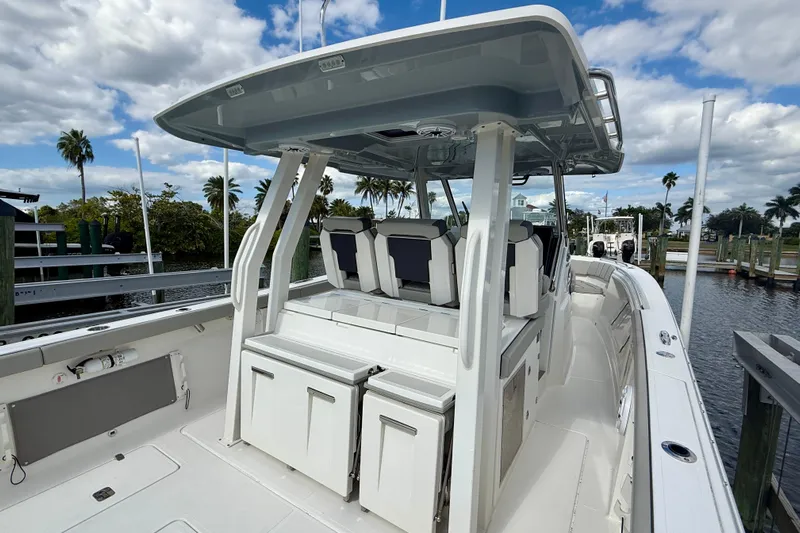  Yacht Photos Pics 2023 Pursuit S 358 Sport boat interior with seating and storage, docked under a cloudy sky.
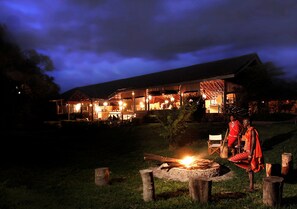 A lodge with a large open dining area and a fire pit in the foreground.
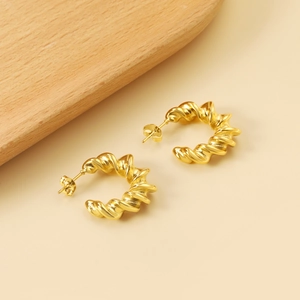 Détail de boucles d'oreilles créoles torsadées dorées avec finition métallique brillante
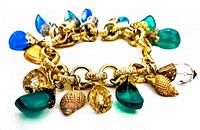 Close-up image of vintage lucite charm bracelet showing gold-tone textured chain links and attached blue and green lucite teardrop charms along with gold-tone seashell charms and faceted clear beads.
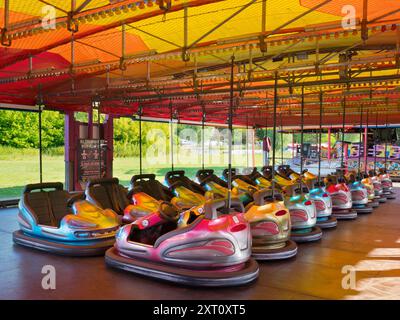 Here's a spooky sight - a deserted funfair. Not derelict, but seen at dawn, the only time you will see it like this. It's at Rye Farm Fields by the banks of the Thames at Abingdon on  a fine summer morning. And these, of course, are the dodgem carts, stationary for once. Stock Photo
__________________________________________________
◆ PROBLEM STATEMENT
Print every line above exactly. Leave the pictures out.

◆ RESPONSE
  Yacht Photos Pics 2023 Pursuit S 358 Sport boat interior with seating and storage, docked under a cloudy sky.
 A lodge with a large open dining area and a fire pit in the foreground.
 Détail de boucles d'oreilles créoles torsadées dorées avec finition métallique brillante
 Close-up image of vintage lucite charm bracelet showing gold-tone textured chain links and attached blue and green lucite teardrop charms along with gold-tone seashell charms and faceted clear beads.
 Here's a spooky sight - a deserted funfair. Not derelict, but seen at dawn, the only time you will see it like this. It's at Rye Farm Fields by the banks of the Thames at Abingdon on  a fine summer morning. And these, of course, are the dodgem carts, stationary for once. Stock Photo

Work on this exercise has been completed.